Step-by-step solution

Step 1: Given

i) Length of rods, $L_1=0.40\text{m}$ and $L_2=0.50\text{m}$

ii) Mass of each rod, $M=0.20\text{\hspace{0.17em}kg}$

Determining the concept

Using the perpendicular axis theorem for rotational inertia about an axis of rotation for a rod, find the rotational inertia of the rigid body about an axis perpendicular to the plane and intersects the shorter rod at its center. According to the perpendicular axis theorem, the moment of inertia of a body about an axis perpendicular to the plane is the sum of the moment of inertia about the two perpendicular axes along the plane and that they are intersecting with the axis perpendicular to the plane.
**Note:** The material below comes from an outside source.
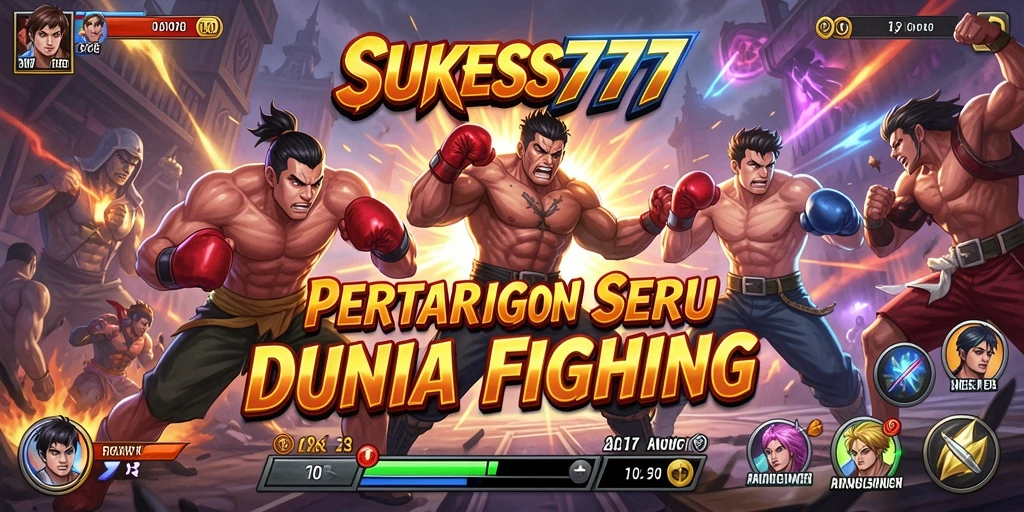 Screenshot gameplay SUKSES777 yang menunjukkan pertarungan seru antar karakter.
The moment of inertia of longer rod

$\left({\mathbf{I}}_l\right)\mathbf{=}\frac{1}{3}{\mathbf{ML}}^2$

Inertia of shorter rod

$\mathbf{\left(}{\mathbf{I}}_s\mathbf{\right)}\mathbf{=}\frac{1}{12}{\mathbf{ML}}^2$

The moment of inertial about the axis passing through the center of the shorter rod and perpendicular to the plane of paper is-

$\mathbf{I}\mathbf{=}{\mathbf{I}}_l\mathbf{+}{\mathbf{I}}_s$

where, I is the moment of inertia, M is mass, L is length and d is distance.

Calculations(a)

For rotational inertia of the rigid body about an axis perpendicular to the plane and passing through the center of the shorter rod,

$I=I_s+I_l$

$I=\frac{1}{12}{m}_1{L}_1^2+\frac{1}{3}{m}_2{L}_2^2$

$I=\frac{1}{12}(0.20\text{kg}){(0.4\text{\hspace{0.17em}m})}^2+\frac{1}{3}\left(0.20\text{\hspace{0.17em}kg}\right){\left(0.50\text{\hspace{0.17em}m}\right)}^2$

$I=0.019\text{kg}.{\text{m}}^2$

Hence, the rotational inertia of the rigid body about an axis perpendicular to the and that passes through the center of the shorter rod is$0.019\text{\hspace{0.17em}kg}.{\text{m}}^2$.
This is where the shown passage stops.